3.Il business plan è uno strumento pubblicitario
Dal punto di vista giuridico, costituisce “pubblicità” qualsiasi messaggio, diffuso con qualunque mezzo e modalità, che sia finalizzato a promuovere una determinata attività imprenditoriale – cioè, in questo caso, l’adesione ad una rete in franchising (art. 2, comma 1 D.lgs. n. 145/2007).
Si tratta quindi di una nozione molto ampia di pubblicità, che prescinde dal mezzo attraverso il quale il messaggio pubblicitario venga diffuso, purché lo stesso sia finalizzato a promuovere una determinata attività imprenditoriale.

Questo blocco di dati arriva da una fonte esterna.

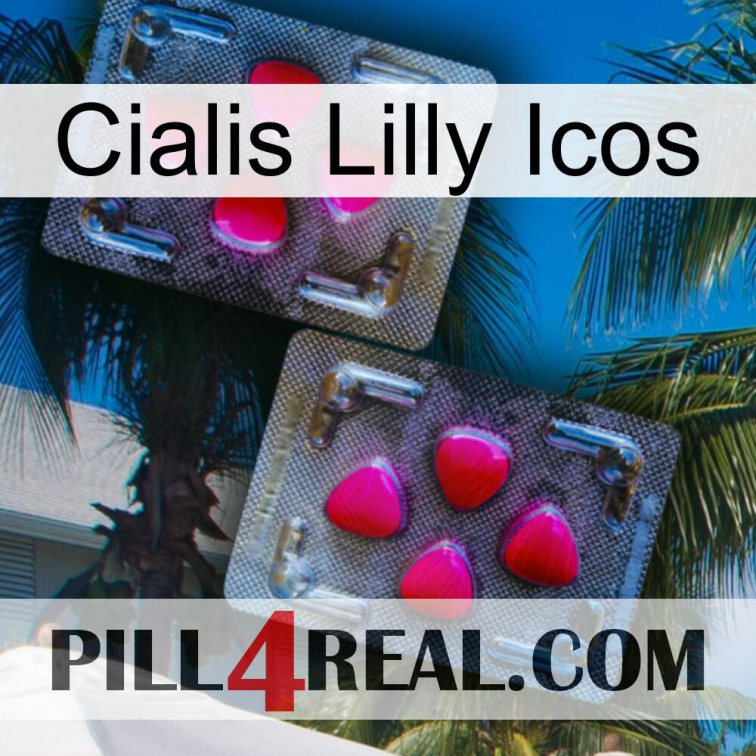 Cialis Lilly Icos 15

Rientrano quindi nell’ambito della pubblicità – soggetta alla relativa disciplina – non soltanto i messaggi pubblicitari in senso stretto, (slogans, volantini, brochure, banners etc.) ma anche i business plans.
Il business plan è molto spesso utilizzato nel franchising, soprattutto nella fase delle trattative, per illustrare i vantaggi di cui l’affiliato usufruisce entrando a far parte di una rete in franchising. Si tratta come è noto di previsioni circa la redditività della futura attività del franchisee, che, con varie modalità, il franchisor sottopone all’aspirante franchisee spontaneamente – in quanto non rientra tra le informazioni pre-contrattuali obbligatorie per legge – per invogliarlo ad entrare a far parte di una rete in franchising.

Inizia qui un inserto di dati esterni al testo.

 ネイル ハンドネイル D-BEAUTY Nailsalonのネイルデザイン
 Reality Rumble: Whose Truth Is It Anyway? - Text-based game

Nella prassi infatti molto spesso il franchisor, spontaneamente o su richiesta dell’aspirante affiliato, mostra o consegna a quest’ultimo un documento contenente una previsione circa i profitti che conseguiranno per effetto dell’adesione al suo network, alla luce dei costi che dovranno essere sostenuti.

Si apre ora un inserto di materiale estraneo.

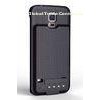 External Backup Charger Samsung S5 Battery Case ,  ABS / PC Samsung S5 Charging Case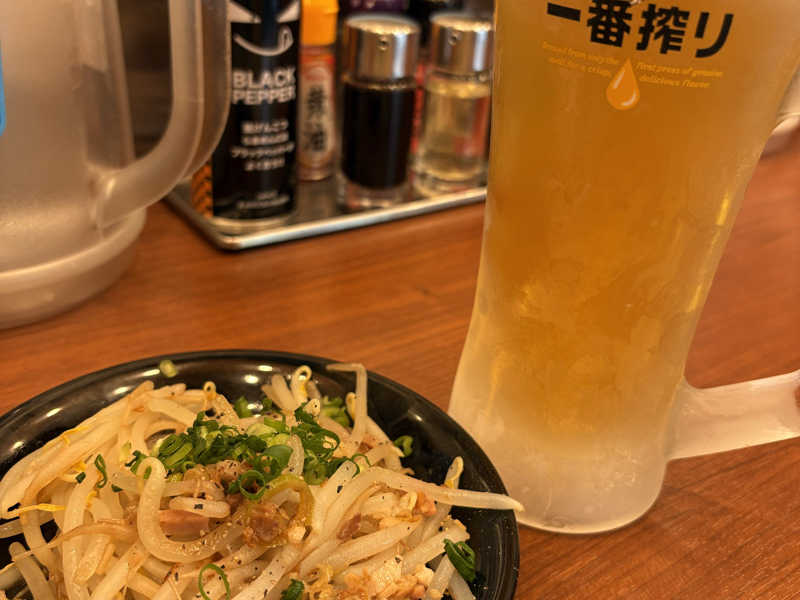 生ビール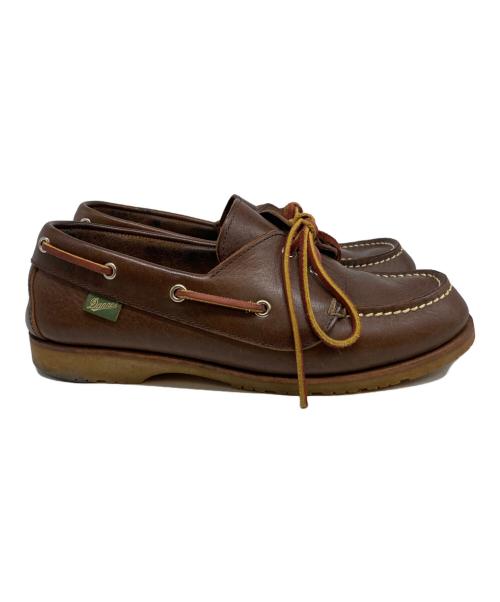 Danner（ダナー）Danner (ダナー) DECK MINI LUG ブラウン サイズ: 8 1/2の古着・服飾アイテム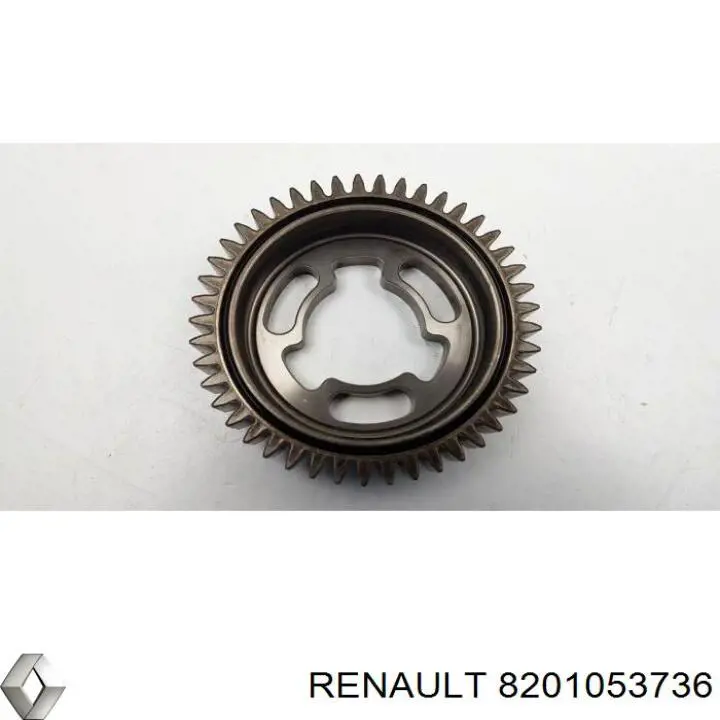 Engranaje del árbol de levas de escape Renault (RVI) 8200455386 precio, desde 96,89 EUR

Tali previsioni possono essere formulate nel modo più vario, con maggiore o minore grado di dettaglio, con maggiore o minore riferimento all’effettivo mercato nel quale opererà l’affiliato, etc. In ogni caso, è ovvio che quasi sempre il business plan contiene proiezioni positive ed incoraggianti circa i profitti dell’affiliato, in modo da influire positivamente sulla sua decisione.
4.Cosa accade se i dati del business plan “non tornano”?
Spesso si verifica nel corso del rapporto di franchising, uno scostamento più o meno rilevante tra i dati indicati nel business plan e i profitti effettivamente raggiunti dal franchisee.
Cosa accade in questi casi dal punto di vista legale?
Occorre subito evidenziare che dal punto di vista giuridico, non sorge automaticamente una responsabilità in capo al franchisor nei confronti del franchisee qualora quest’ultimo non consegua effettivamente i profitti che erano stati previsti nel business plan. Ciò in quanto il franchisee è considerato dal punto di vista legale un imprenditore autonomo che sopporta per intero il rischio d’impresa.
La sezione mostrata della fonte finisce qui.